The secret is simple: The things you think about the most, and how you act and feel before, during and after you think about them, happen. They may not happen now, or tomorrow or on your 80th birthday, but they will happen. Always, without exception. This method of manifesting, this law of attraction, can yield an unlimited number of experiences and things; it doesn’t matter who you are. Such a thing is simply a natural law, just like gravity always works, or just like someone carrying a clipboard will show up at the door the second I lie down to take a nap. All of this is guaranteed.
Most people’s trouble is that they don’t know the secret. Most of us are constantly focusing on what we don’t want. We don’t want our debt, we don’t want to be overweight; we don’t want to be alone. The law of attraction says that, with all of that attention on debt and fat and loneliness, we’re destined to get more of it. And that’s where I have to admit that I’ve gone terribly, terribly wrong.
This year, after a particularly harsh winter, we moved from our home at 9,000 feet above sea level back to flatter land. We were in the middle of, according to Fred, “The worst wind in thirty years.” I trust Fred—I adore Fred; everybody does. Not only is Fred the town’s amateur meteorologist, he’s the guy who counts the number of garbage bags in your truck and then assesses a totally random number of dollars for you to pay. Sometimes he changes his mind right there on the spot, and those days were my favorite. “Three—no, two—two dollars, please.” He’s outside all year long. At the dump. Fred knows weather.

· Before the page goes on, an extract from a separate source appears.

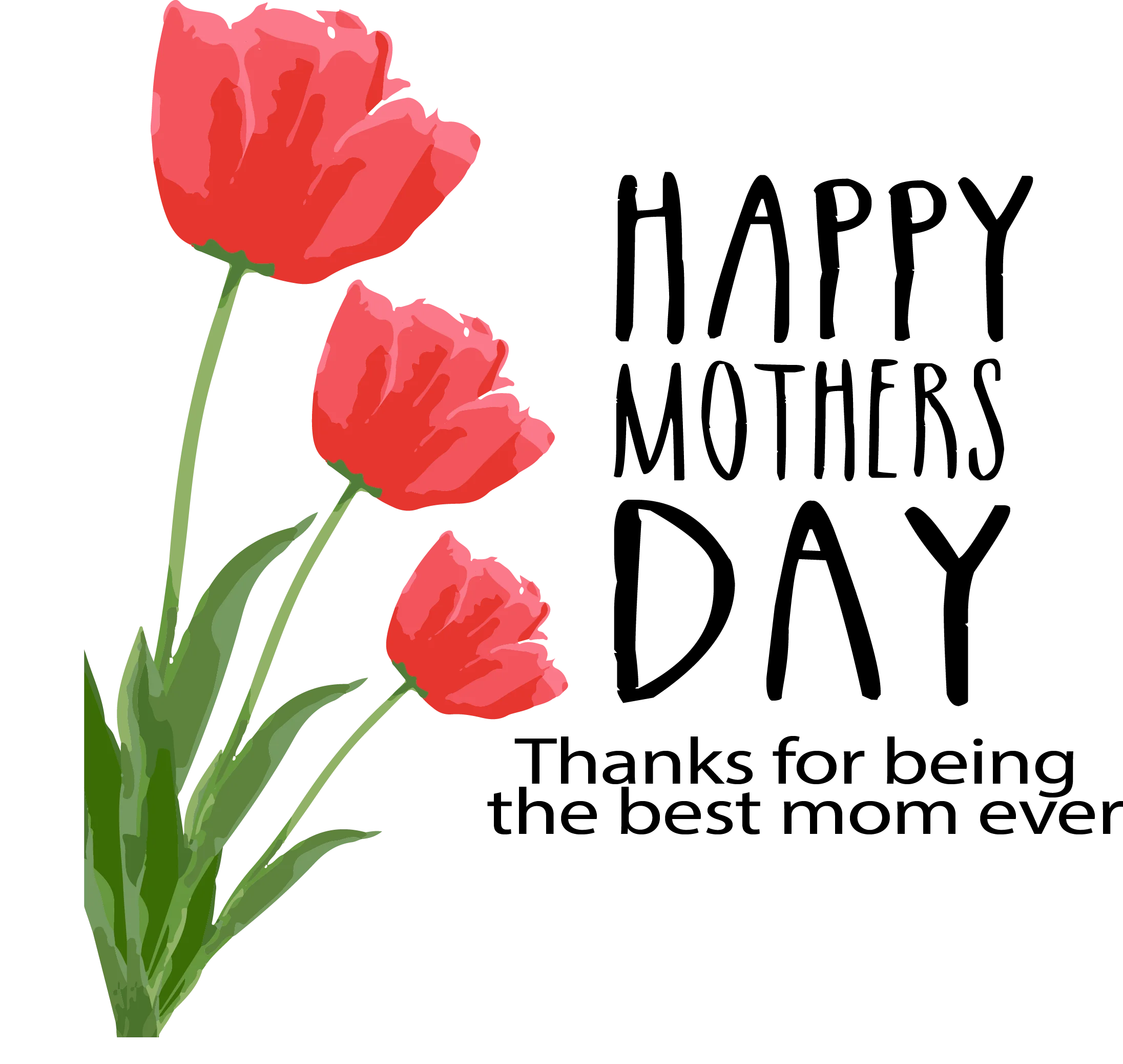Watercolor Red Tulips Mother's Day Greeting Clipart Design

So Soaf and I are there this winter, at our incredibly sturdy house, the house that might lose a few shingles during the shank of the blowing cold season, but that nevertheless served us well for six years, and all we’ve done all day is look at each other. Because it’s too windy to go outside. It’s actually dangerous to go outside in the 80 mile an hour winds that were blowing for the ninth day in a row. We were looking out the window when the temperature had dipped to a record-breaking 25 degrees below zero, and I said to her, “Dude, this is fucked up,” knowing that I shouldn’t speak like that in front of her. But I couldn’t help it; I was shack wacky. We both had, to use a technical term, cabin fever out the ass.
And while we were all sitting there for weeks on end, the dogs and the baby and I, looking up and wondering when the wind was going to rip the roof off the house, I thought it over and over again: Warm weather. Just after watching The Secret, it came to me that, Oh my God, I caused global warming. Man, when he finds out about this, Leonardo DiCaprio is going to be so pissed at me.